### DATA UNDER STUDY
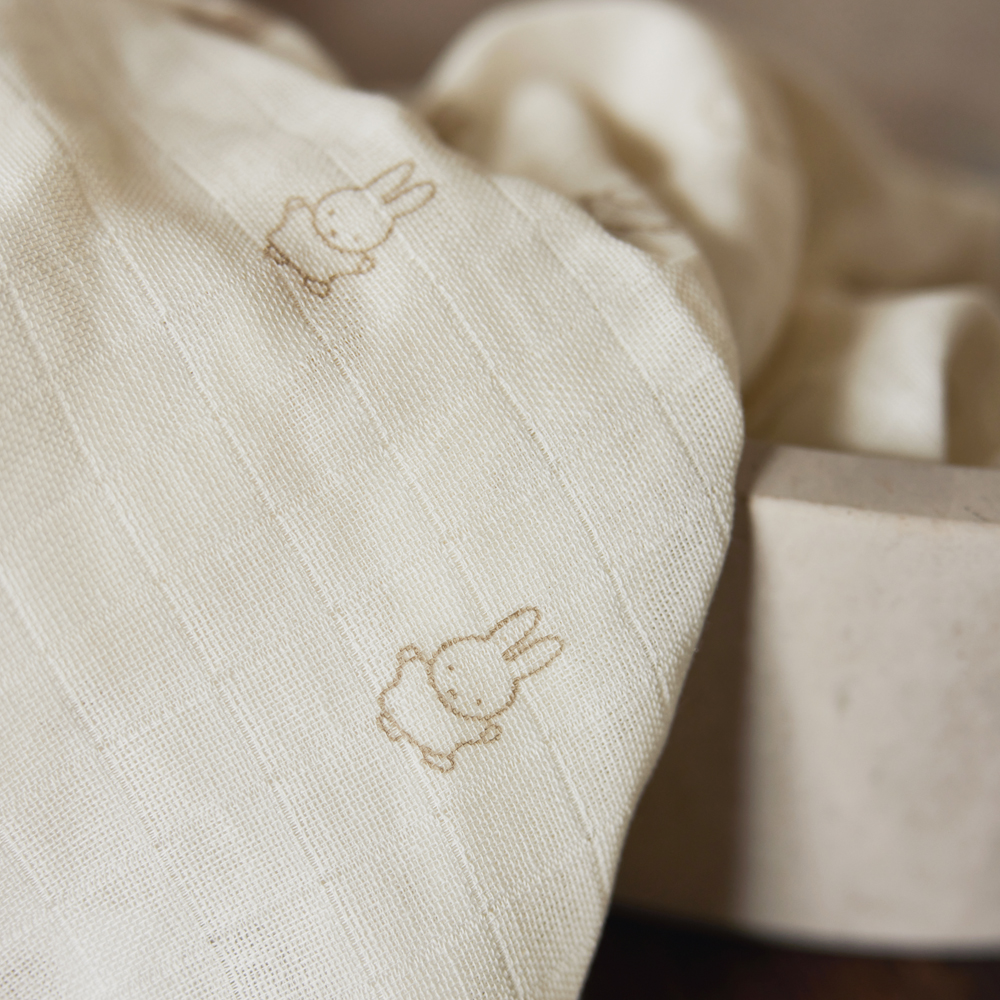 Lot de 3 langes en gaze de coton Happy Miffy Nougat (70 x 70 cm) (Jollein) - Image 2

---

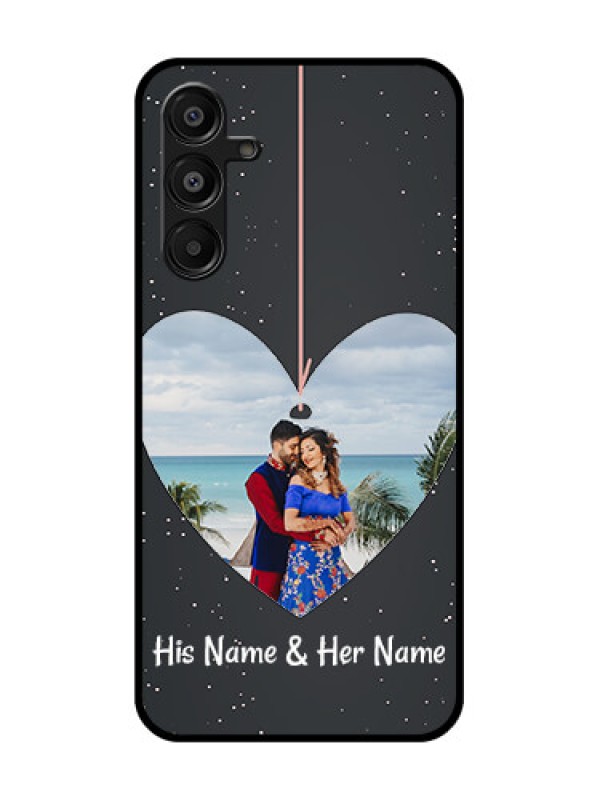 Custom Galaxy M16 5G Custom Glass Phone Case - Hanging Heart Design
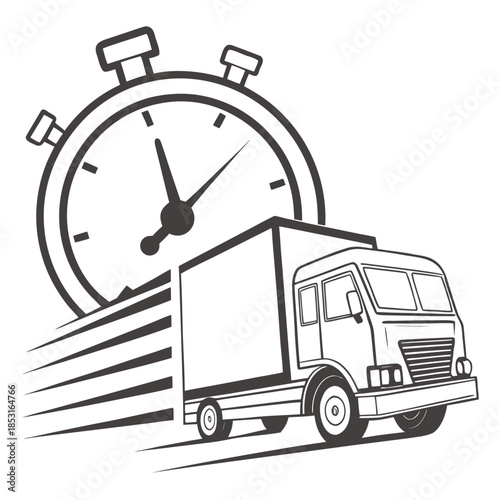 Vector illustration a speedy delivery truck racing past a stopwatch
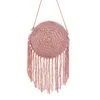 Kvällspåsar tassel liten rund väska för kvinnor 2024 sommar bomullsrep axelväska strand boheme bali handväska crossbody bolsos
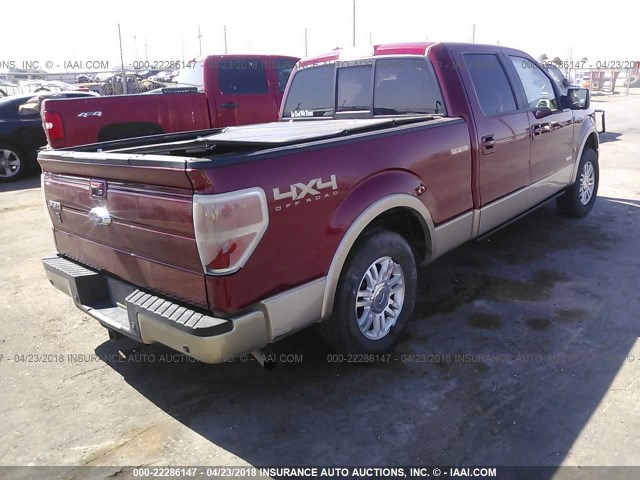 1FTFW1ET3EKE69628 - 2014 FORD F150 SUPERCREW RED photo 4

### GOAL OF THE EXERCISE
Range to copy from the records above: the line containing "Custom Galaxy M16" to the line containing "1FTFW1ET3EKE69628 - 2014", both included. Output those lines exactly and only those, skipping pictures.

### RESULT BELOW
 Custom Galaxy M16 5G Custom Glass Phone Case - Hanging Heart Design
 Vector illustration a speedy delivery truck racing past a stopwatch
 Kvällspåsar tassel liten rund väska för kvinnor 2024 sommar bomullsrep axelväska strand boheme bali handväska crossbody bolsos
 1FTFW1ET3EKE69628 - 2014 FORD F150 SUPERCREW RED photo 4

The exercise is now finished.